(Beginning of Extracted records)
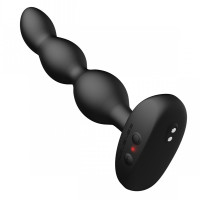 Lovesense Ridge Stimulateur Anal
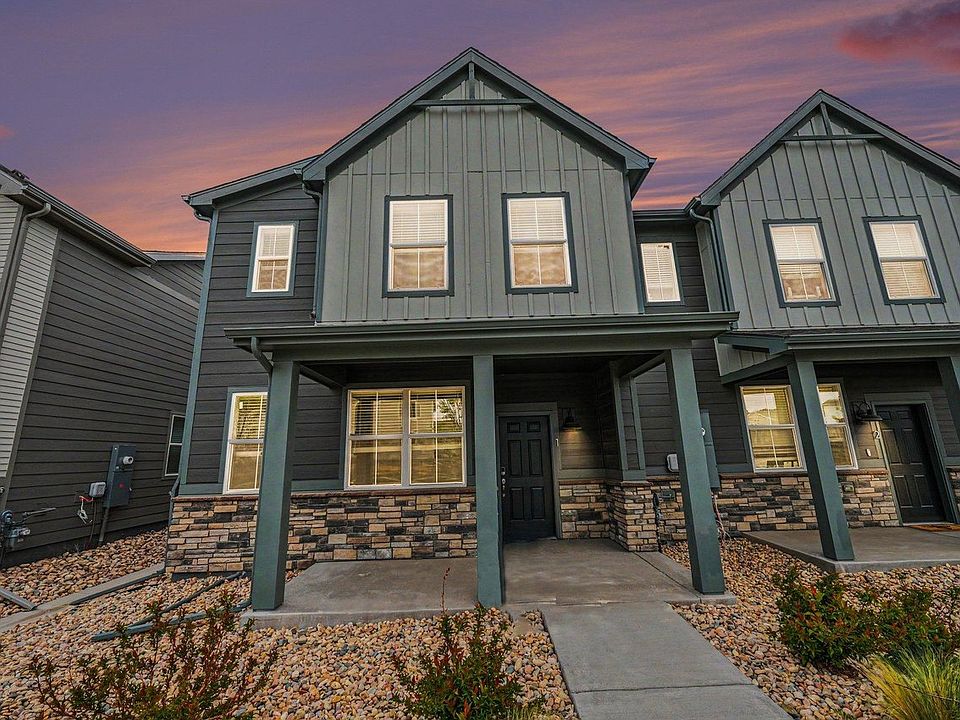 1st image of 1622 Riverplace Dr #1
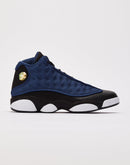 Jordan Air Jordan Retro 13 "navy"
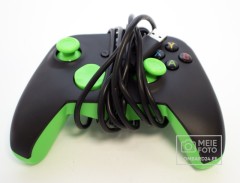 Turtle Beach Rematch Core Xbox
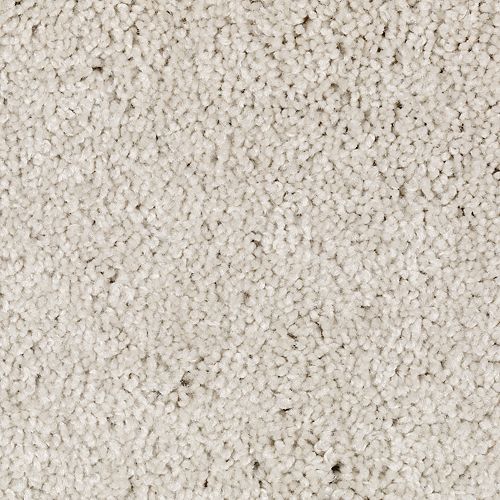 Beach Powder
(End of Extracted records)
Pictures must be left out of the answer, which should be exactly the lines from the one holding "Jordan Air Jordan" through the last line of the entries above, both included; please add nothing.

Task response:
 Jordan Air Jordan Retro 13 "navy"
 Turtle Beach Rematch Core Xbox
 Beach Powder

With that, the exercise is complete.